The No. 7 spot on our list is Washington, D.C., where the median paycheck beats the median house price by a factor of 2.8 percent. Though Washington has the highest median income of any city in the U.S., with a value of more than $88,000, it also has one of the highest median house prices in the nation — over $400,000. This hotbed of political activity has grown into a city that is affordable for the city’s elites but is dangerously expensive if you’re not in the higher circles of Washington society.
6. Phoenix, Arizona
A substantial jump in paycheck power to more than 8 percent characterizes the next entry on our list, Phoenix. Though Phoenix’s median income is one of the lower entries of the 25 cities examined, it was still one of the more attractive places to live, given that house prices are quite affordable. If you’re looking for a warmer climate or if you’re searching for an affordable place to live in the Western half of the country, Phoenix might just be your best bet.
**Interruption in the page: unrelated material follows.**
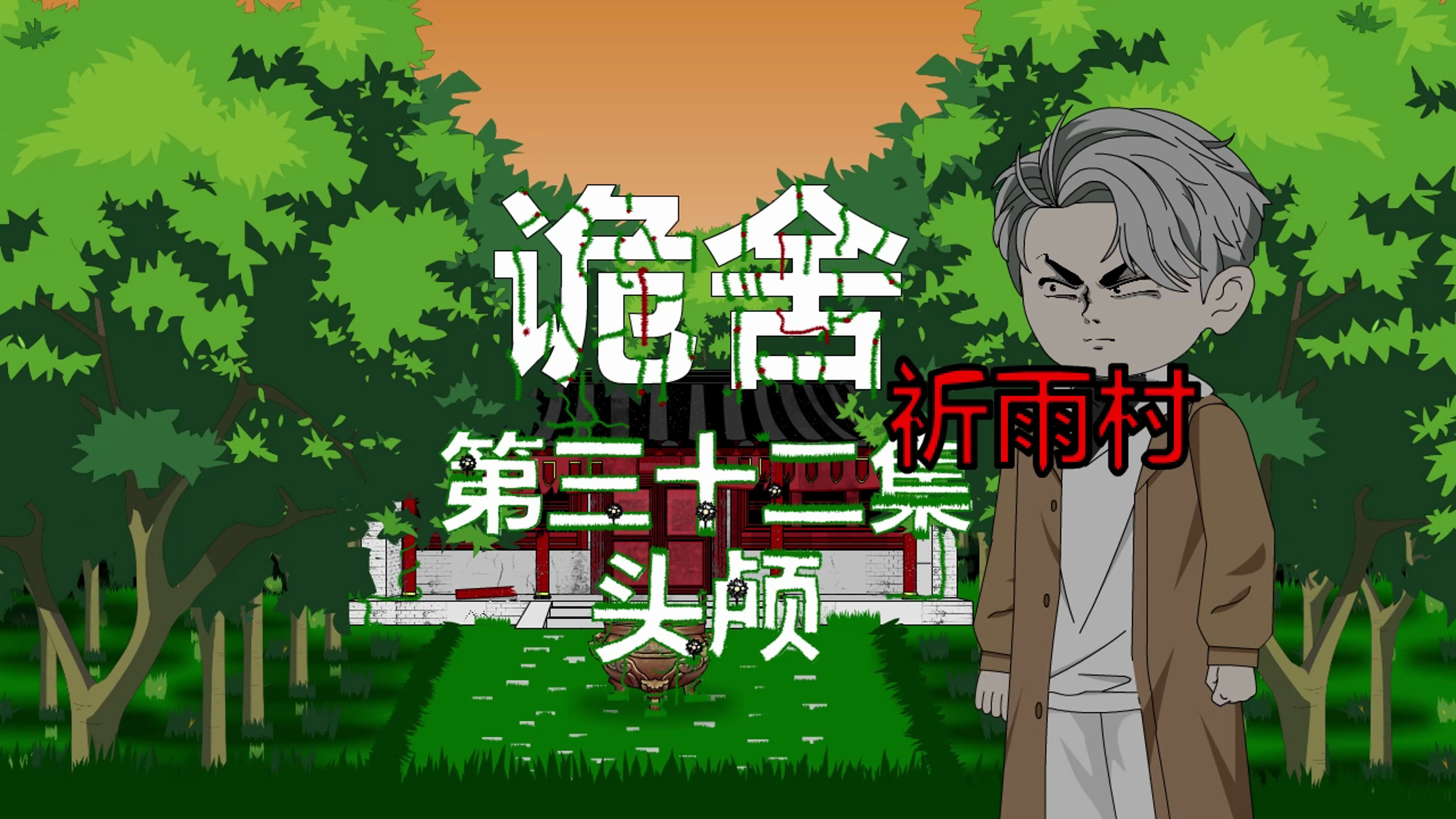 诡舍(祈雨村)第三十二集 头颅 动画 悬疑 微恐怖-萧一白呀-萧一白呀-哔哩哔哩视频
5. Pittsburgh, Pennsylvania
The first city past the 10 percent threshold of paycheck power is Pittsburgh, where median income exceeds median house price by a factor of 11.33 percent. Though Pittsburgh possesses one of the lower median incomes, it is another city that makes the list on the strength of its low house prices. The problem for the city is that many of its sources of economic growth in years past have been on the decline, including its industrial sector. This has led to a difficult situation in which the city may be affordable but nevertheless unattractive to potential home buyers.
4. Detroit, Michigan
Next up, we check in with Detroit, where paycheck power is nearly 17 percent. Though that makes the average home in the city very affordable, it is questionable as to whether someone would actually want to purchase such a home; many houses in the city are abandoned or owned by the government, with some properties unable to find a buyer even at prices as low as $500. The holder of the lowest average house price of any city on the list, Detroit’s bankruptcy was in part caused by that very phenomenon: As house prices dropped and homes were vacated, tax revenues for the city have consistently sunk, putting the city in a very sticky situation.
3. St. Louis, Missouri
The third spot on our list goes to St. Louis, where the median paycheck outpaces the median house price by almost 18 percent. St. Louis fits into a similar profile as Detroit — minus the bankruptcy — featuring some of the lowest house prices of any metropolitan area in the country. If you’ve always wanted to live in the shadow of the Gateway Arch, now might be the opportunity to buy, as the city has jumped up one spot in the rankings from last year.
2. Minneapolis, Minnesota
Minneapolis is one city that doesn’t need extremely low house prices or unbelievably high median incomes to justify its spot on the list. With a paycheck power rating of 23.86 percent, Minneapolis handily takes the No. 2 ranking in the country. Minneapolis could even threaten to take the top spot if it weren’t for the city’s unusually high property taxes, another factor that goes into the calculations, as they must be paid every year in order to maintain ownership of a home in the city.
1. Atlanta, Georgia
The top spot on our list goes to Atlanta, a city that boasts paycheck power of nearly 25 percent. Though this may seem impressive, last year, the city took the No. 1 spot with a paycheck power of more than 40 percent, a full 15 percent higher than this year’s figure. Atlanta’s low home prices are helped by an excess of land around the city into which it can expand, which has helped suppress housing prices even as they rise across the nation. Easy access to building materials in the region also makes homes especially affordable.